越後堀氏と堀直知―「上杉遺民一揆」を考える―
東京大学史料編纂所学術支援専門職員 杉山 巖 氏

〈講演要旨〉
本日は新潟の近世社会の前提となった堀家の時代の歴史的意義についてお話ししたい。とくに慶長5(1600)年に起きた上杉遺民一揆について、その後の社会に与えた影響も含めて考えてみたい。
堀家には堀久太郎家と堀(奥田)監物家の二つの家筋がある。久太郎家は美濃国の武士で織田信長に仕え、信長死後秀吉にも仕え、慶長3年越前国北庄から越後国へ移封となった大名家である。この時堀直政(監物家)、そして与力大名の村上氏、溝口氏らも越後へ移ってきた。堀監物家を興した直政(直寄の父)はもと奥田姓で、堀秀政(久太郎家)の娘を妻とし堀の名字を与えられた久太郎家の重臣であった。つまり二つの堀家は主従の関係であった。
慶長11年堀秀治(秀政の子)死後、子息の吉五郎は元服前であったが、監物家の直政が補佐し、彼が松平吉五郎忠俊と名乗れるまでに成長させた。しかし忠俊は家中を治めることができず、直政死後、直政の子供二人の兄弟喧嘩が起こった。幕府による裁定が下され、忠俊と兄の直知が処罰され、弟の直寄はお咎めなく信濃国飯山城主に移動を命じられた。直寄はその後長岡城主、村上城主となり、越後の近世社会の基礎を築いた人物として高く評価されている。
直寄の兄の実名は、系図によれば直次、または直清と記されている。当初は雅楽助を名乗り、父直政死後は監物を名乗ったが、どの時代の文書を見ても直知と署名している。

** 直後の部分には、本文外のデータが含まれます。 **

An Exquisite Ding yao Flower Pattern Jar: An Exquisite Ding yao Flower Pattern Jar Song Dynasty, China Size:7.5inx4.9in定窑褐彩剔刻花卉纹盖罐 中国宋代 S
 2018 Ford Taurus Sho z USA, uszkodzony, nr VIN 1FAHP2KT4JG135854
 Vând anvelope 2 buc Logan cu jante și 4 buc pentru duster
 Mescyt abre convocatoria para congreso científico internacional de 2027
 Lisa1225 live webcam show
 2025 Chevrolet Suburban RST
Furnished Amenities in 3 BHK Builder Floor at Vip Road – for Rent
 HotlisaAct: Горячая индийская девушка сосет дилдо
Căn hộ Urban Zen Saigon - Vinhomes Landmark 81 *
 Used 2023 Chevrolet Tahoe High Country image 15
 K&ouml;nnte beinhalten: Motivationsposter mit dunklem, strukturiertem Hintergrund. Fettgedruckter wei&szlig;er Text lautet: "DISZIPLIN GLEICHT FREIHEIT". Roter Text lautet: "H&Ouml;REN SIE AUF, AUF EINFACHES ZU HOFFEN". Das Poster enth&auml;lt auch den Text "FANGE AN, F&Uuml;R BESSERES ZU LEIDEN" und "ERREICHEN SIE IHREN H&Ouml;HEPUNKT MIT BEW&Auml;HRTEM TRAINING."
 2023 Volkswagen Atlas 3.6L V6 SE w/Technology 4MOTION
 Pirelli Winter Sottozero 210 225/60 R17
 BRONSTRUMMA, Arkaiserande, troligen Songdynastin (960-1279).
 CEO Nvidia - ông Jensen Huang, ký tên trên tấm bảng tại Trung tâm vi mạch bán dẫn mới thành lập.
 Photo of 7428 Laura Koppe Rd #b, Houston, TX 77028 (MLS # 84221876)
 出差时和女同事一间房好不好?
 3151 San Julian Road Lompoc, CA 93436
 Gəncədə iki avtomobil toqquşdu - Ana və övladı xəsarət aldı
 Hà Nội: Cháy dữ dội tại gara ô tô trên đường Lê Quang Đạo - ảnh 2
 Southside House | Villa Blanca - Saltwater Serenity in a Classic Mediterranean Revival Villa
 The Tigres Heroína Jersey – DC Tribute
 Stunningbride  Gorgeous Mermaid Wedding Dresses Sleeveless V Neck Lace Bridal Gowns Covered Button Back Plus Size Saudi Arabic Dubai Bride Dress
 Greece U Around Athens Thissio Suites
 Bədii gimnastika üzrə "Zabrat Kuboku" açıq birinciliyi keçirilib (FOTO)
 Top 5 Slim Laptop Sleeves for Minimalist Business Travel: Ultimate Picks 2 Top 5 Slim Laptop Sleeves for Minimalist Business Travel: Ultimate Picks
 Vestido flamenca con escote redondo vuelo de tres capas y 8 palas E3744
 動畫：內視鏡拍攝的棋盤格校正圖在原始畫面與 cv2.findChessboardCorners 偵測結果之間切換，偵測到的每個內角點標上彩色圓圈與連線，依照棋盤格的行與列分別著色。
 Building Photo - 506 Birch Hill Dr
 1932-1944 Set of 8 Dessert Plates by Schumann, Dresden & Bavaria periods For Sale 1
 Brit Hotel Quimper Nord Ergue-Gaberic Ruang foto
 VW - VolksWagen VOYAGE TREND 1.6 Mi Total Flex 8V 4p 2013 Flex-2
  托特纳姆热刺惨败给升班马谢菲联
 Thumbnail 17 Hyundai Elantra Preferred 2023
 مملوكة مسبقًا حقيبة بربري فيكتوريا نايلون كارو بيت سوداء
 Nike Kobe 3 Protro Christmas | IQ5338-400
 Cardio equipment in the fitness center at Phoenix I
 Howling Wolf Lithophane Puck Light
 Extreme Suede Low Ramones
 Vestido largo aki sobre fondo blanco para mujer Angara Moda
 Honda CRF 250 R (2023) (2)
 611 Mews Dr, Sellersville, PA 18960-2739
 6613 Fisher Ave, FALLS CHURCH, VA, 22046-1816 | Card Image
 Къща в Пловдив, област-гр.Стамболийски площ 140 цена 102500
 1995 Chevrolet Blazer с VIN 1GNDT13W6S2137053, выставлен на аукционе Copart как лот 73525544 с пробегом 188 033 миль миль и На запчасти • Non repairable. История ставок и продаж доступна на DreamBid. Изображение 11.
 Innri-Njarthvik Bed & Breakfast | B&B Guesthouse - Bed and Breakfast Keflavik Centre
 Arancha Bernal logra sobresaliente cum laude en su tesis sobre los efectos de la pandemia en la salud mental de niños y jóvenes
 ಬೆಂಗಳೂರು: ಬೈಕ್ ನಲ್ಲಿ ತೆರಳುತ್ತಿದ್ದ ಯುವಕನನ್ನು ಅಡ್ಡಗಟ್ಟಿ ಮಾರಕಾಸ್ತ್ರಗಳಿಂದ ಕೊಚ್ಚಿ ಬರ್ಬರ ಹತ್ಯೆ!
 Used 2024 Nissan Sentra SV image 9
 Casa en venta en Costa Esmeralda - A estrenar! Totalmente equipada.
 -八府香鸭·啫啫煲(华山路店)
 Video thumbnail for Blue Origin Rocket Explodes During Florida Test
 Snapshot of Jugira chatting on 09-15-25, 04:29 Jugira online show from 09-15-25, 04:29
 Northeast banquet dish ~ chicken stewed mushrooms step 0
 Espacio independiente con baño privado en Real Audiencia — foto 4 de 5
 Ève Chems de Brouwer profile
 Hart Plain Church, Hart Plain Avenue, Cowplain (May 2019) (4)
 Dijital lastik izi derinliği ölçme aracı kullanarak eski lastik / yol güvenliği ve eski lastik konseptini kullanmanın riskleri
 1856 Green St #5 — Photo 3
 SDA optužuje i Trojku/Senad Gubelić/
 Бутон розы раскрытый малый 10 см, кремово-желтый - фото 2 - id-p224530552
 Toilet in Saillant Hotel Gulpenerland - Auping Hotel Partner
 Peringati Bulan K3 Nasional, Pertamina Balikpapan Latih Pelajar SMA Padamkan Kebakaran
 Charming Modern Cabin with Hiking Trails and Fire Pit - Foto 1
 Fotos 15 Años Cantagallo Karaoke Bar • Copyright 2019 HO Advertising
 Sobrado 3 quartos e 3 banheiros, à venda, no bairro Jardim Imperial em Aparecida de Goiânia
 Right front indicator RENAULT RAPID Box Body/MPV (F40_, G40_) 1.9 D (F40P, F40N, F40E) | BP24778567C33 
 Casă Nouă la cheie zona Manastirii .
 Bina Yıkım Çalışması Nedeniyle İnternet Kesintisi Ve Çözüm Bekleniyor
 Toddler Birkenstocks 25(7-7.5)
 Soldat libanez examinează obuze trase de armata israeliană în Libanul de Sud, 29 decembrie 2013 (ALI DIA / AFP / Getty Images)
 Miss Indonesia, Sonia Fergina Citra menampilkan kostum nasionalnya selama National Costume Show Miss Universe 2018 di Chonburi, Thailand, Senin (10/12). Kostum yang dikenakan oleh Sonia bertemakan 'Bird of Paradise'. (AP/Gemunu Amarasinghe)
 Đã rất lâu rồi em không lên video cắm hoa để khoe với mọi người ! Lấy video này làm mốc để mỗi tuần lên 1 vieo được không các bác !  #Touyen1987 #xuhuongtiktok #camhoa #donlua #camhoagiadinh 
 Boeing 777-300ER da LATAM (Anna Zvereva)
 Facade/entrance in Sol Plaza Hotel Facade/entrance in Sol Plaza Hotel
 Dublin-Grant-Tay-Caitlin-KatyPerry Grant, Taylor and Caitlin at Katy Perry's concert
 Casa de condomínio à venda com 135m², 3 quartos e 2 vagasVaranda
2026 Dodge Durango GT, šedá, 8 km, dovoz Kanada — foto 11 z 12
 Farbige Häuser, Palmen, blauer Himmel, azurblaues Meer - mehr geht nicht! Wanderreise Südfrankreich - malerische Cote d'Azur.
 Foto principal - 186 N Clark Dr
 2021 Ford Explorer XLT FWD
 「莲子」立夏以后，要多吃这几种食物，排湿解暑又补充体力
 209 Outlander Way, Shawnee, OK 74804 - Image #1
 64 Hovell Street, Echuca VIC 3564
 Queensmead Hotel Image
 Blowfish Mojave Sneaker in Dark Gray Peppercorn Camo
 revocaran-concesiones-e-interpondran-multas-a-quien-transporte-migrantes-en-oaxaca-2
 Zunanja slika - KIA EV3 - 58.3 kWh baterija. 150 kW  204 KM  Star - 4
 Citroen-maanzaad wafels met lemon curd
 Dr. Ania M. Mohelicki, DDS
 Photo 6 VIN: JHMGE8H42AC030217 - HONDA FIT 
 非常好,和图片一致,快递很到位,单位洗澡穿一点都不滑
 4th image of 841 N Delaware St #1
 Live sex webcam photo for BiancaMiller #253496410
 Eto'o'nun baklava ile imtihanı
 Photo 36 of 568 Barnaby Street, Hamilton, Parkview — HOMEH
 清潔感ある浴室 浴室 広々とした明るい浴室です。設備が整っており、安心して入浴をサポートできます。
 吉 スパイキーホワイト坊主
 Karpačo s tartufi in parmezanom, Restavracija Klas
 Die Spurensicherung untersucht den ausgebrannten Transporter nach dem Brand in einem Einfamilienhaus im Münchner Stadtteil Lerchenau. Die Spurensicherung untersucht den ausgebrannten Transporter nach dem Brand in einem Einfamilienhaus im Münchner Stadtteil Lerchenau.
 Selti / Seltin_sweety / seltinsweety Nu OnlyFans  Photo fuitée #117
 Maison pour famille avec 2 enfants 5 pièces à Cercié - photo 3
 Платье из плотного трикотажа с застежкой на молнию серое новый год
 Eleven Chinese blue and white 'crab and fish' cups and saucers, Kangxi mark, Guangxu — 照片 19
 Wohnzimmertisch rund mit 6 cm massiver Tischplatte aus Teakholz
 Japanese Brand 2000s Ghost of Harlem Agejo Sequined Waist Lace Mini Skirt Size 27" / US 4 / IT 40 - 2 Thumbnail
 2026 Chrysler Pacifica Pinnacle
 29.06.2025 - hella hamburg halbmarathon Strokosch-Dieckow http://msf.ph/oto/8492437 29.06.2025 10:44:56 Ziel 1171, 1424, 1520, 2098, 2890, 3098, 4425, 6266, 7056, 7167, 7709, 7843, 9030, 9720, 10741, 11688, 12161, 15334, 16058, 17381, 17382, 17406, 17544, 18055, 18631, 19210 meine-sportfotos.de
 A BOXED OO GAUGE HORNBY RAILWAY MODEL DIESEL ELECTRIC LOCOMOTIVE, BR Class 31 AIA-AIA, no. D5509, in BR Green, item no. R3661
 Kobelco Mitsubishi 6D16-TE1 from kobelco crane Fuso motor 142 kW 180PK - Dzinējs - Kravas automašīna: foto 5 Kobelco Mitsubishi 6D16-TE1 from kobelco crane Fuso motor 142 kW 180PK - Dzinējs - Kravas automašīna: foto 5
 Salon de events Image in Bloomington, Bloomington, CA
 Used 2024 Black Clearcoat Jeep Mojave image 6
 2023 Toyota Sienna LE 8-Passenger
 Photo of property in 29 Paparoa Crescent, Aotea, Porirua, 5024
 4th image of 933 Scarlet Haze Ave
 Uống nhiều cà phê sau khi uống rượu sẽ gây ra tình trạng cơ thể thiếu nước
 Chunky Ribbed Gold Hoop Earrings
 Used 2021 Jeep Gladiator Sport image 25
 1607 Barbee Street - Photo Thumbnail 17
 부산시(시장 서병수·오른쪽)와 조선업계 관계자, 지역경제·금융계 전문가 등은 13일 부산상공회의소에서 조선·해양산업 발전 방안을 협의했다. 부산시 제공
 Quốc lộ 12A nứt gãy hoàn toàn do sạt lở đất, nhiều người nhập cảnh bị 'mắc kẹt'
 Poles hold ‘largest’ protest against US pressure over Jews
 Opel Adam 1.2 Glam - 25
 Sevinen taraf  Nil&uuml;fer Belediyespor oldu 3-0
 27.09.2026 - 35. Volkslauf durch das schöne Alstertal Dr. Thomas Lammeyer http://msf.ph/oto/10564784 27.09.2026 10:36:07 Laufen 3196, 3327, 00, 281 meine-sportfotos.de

彼の実名は直知で、直次、直清ではない。
上杉遺民一揆については、新領主となった堀氏の新税賦課に反発する農民たちが上杉氏の時代を慕い、これに乗じた上杉氏の扇動により広がった一揆、そして堀直政らの尽力により平定された一揆と通説的に理解されている。天正・慶長年間、領主の交替と百姓・町人の移動を原因とする大規模な一揆が発生しているが、上杉遺民一揆もその一つと考えられる。社会に与えた影響は大きく、越後堀氏は在方・町方の権利を大きく認める領主として認識されるようになった。とくに新潟町の場合、元和2年に出された直寄の法令を、在方・町方の人々は領主と交渉する際、「堀家から与えられた諸役免除の特権」として最大限に利用した。
郷土史や地域史研究の課題は、その地域のみを考えるのではなく、また日本史や世界史の枠組みをそのまま当てはめるのではなく、地域の歴史資料の分析や研究を通じて、規定の枠組みに再考を促すようなその姿勢が大切ではないかと考えている。

講演会終了後、恒例の新年会が行われました。当会名誉会長の篠田昭新潟市長の代理として、歴史文化課長藤井希伊子氏から激励のご挨拶をいただきました。